Of course, he's suppose to say that. First, so the players do not get distracted and also so the Sixers do not ask for much. OR maybe it's true and Marck Cuban does not want to trade for Iverson.


----------



## t1no (Jul 10, 2005)

_Dre_ said:


> GEEEEEEEEEEET IT DOOOOOOOOOOOONE
> 
> If this deal doesn't go through I will be so pissed...this is the steal of a lifetime for Cuban...


lol no more AI with KG?:yay:


----------



## Dre (Jun 20, 2003)

t1no said:


> lol no more AI with KG?:yay:


Well I didn't think this was realistic...I'd rather him come here first...


----------



## shoop da whoop (Jul 6, 2006)

Well, if he's smart he will come here, we have the chance to get him the one thing missing in his trophy case and that the Celtics or Sixers can't give him.


----------



## t1no (Jul 10, 2005)

76767 said:


> Well, if he's smart he will come here, we have the chance to get him the one thing missing in his trophy case and that the Celtics or Sixers can't give him.


I'm sure A.I would love to come to the Mavericks but it's also about what the Sixers want.


----------



## Dre (Jun 20, 2003)

t1no said:


> I'm sure A.I would love to come to the Mavericks but it's also about what the Sixers want.

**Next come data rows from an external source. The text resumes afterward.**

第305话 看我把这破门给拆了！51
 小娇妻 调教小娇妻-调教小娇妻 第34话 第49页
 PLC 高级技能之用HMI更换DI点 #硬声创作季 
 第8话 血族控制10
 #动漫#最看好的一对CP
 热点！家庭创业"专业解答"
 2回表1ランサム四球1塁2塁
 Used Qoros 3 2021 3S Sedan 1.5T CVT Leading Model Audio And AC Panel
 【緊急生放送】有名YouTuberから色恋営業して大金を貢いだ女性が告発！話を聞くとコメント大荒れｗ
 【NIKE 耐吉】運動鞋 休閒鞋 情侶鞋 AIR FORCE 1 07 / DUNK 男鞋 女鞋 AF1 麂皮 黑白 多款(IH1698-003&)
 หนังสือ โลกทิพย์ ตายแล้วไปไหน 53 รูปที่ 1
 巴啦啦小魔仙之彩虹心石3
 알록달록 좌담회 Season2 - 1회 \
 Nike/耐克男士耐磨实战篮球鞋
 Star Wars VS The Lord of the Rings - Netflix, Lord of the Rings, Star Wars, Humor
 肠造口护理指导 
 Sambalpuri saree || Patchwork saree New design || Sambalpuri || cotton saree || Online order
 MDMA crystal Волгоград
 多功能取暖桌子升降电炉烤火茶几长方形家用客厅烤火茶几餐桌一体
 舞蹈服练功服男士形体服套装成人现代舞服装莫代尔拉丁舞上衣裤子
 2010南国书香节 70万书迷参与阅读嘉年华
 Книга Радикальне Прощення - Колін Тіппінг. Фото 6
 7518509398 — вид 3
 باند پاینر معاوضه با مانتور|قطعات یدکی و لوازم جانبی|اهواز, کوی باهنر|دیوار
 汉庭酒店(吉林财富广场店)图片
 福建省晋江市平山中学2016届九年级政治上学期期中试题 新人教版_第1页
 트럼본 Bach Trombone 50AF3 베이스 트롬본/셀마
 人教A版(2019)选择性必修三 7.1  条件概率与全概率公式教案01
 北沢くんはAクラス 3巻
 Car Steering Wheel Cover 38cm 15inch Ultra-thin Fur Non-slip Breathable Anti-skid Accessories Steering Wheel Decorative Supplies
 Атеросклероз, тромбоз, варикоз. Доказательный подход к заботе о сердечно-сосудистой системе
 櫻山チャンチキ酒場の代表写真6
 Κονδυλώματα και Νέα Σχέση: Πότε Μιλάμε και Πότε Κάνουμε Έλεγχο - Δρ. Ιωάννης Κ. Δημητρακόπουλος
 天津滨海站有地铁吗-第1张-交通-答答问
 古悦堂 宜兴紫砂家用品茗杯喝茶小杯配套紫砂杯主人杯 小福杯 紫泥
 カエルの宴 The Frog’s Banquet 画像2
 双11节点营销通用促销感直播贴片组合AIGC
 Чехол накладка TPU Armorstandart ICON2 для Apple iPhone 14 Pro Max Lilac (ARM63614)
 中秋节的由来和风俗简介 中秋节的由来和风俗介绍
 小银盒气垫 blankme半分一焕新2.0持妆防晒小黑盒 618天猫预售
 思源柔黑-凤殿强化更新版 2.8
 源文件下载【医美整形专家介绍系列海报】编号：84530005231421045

I'm sure he'd love to be just about any of the places that are seeking him. He has a better chance to win in Boston, L.A., here, Portland, Denver, Minnesota....


----------



## t1no (Jul 10, 2005)

Of course but i think he wants more than just a better chance.


----------



## Dre (Jun 20, 2003)

t1no said:


> Of course but i think he wants more than just a better chance.


Well that's all he can hope for..there's no gurantees.


----------



## Steez (Nov 28, 2002)

I think whatever playoff team right now gets AI, they will be champ contenders... if Mavs get him,they will win the 'ship this year..


----------



## fairlyoff (Dec 10, 2006)

NEWS: I just spoke to a writer with the Dallas Daily News, and he told me that in his column tomorrow he will touch on all these rumors. Reportedly, the Sixers do not want a point guard BECAUSE they have reached some sort of a verbal agreement with Mike Bibby, who will be a free agent, this offseason. So they want money to sign Bibby. If the deal with the Mavs that I had previoiusly mentioned ends up happening here is how the Sixers monetary would look like: 2 million dollars would be lost in the trade to to contract loss, they have 6 million dollars worth of expiring contracts, and the 7 millon dollars from Dallas would give them 15 million dollars enough to sign a star. 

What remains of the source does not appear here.